Accounts reveal compensation following out-of-court settlement over dismissals
Swinton Group paid its former directors £1.2m in compensation for dismissal, according to accounts released last week.
The pay-off is a signal that Swinton has finally drawn a line under the events that ended with the directors being sacked last year.
Swinton’s parent MMA Holdings UK decided to clear out several senior Swinton executives, including chief executive Peter Halpin, in a row over share incentive awards.
The two parties eventually settled out of court for an undisclosed sum. According to the accounts, Swinton Group paid the directors £1.2m compensation for loss of office, although it does not specify exactly which directors were paid.
The total £2.79m pay-out comprised the £1.2m compensation, £1.26m remuneration, and a series of smaller payments including contributions to pensions.
The accounts also reveal that Swinton Group turnover increased 18% to £277m and after-tax profit was up 33% to £36.1m for 2011.
The figures are broadly similar to those given by chief executive Christophe Bardet in an Insurance Times interview in July. Swinton declined to comment.
The insurer’s strong results have enabled it to continue on the acquisition trail. Last month it bought Burnley-based Greys Insurance.
Greys is a predominantly commercial broker with gross written premium approaching £1m across both personal and commercial business. Greys’ customers will be merged into Swinton’s Burnley office.
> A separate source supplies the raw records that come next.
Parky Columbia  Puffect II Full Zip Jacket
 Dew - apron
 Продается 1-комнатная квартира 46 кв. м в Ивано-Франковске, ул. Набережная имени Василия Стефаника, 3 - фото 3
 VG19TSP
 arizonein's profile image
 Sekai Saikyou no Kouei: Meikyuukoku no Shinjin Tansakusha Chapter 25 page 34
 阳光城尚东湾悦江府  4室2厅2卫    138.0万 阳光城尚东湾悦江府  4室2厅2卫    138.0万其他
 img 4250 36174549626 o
Meanwhile, Swinton’s sister companies Provident and MMA have merged to form Covéa Insurance, part of French-based mutual Covéa, making its first move into the UK market.
Covéa Insurance chief executive James Reader said: “As a combined entity, we will provide a broad range of general insurance products to more than one million customers in the UK, generating revenue of more than £420m and employing over 800 staff across eight locations.
“We’ve been working very hard this year to bring together Provident and MMA to create a new force in the UK insurance market.”
Talking points …
- Former chief executive Peter Halpin (pictured) produced solid results for Swinton. How will successor Christophe Bardet repeat that performance?
- Now that Provident and MMA have formed Covéa Insurance, how will that benefit Swinton? Bardet and Reader will need a close relationship.
- What are Covéa’s plan for the UK market? While it pulled out of a planned aggregator earlier this year, Covéa’s French parent clearly has the firepower to invest in the UK.